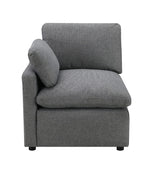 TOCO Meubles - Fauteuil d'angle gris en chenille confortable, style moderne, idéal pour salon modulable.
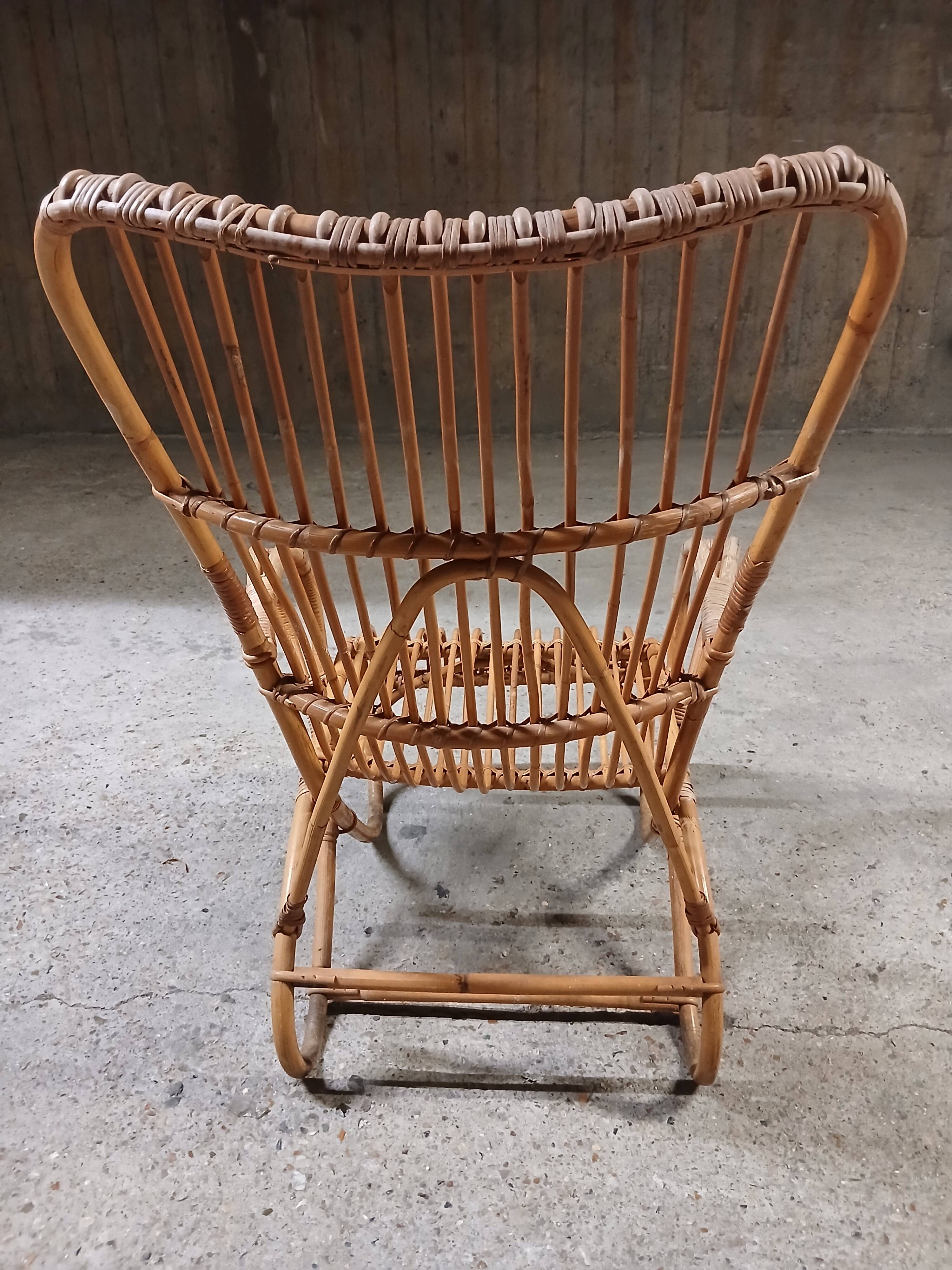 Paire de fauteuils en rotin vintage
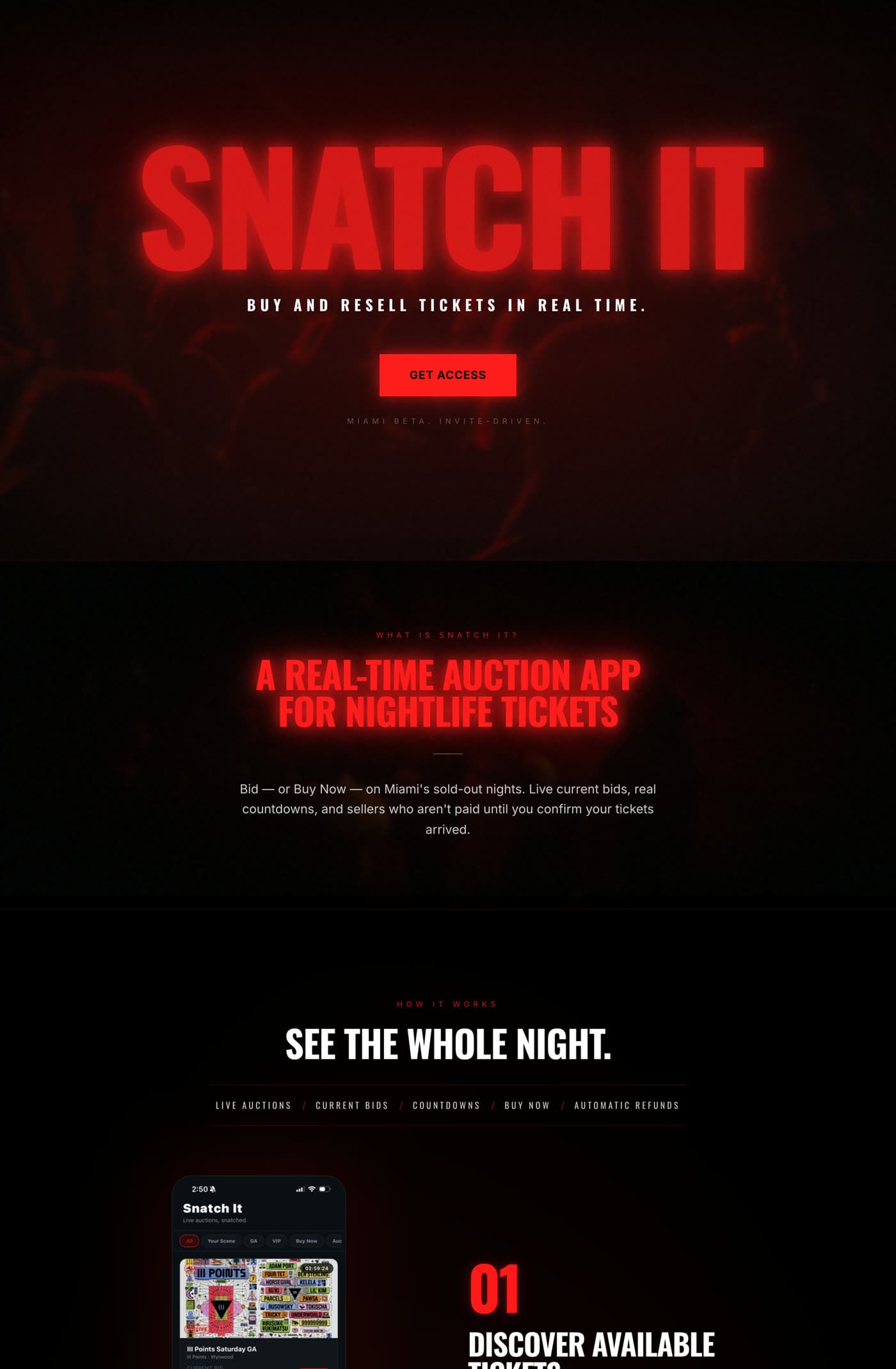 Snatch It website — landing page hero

^^^^^^^^^^^^^^^^

## Task prompt:
Start to finish, write out the data above exactly, omitting all pictures.

## Solution for this task:
 TOCO Meubles - Fauteuil d'angle gris en chenille confortable, style moderne, idéal pour salon modulable.
 Paire de fauteuils en rotin vintage
 Snatch It website — landing page hero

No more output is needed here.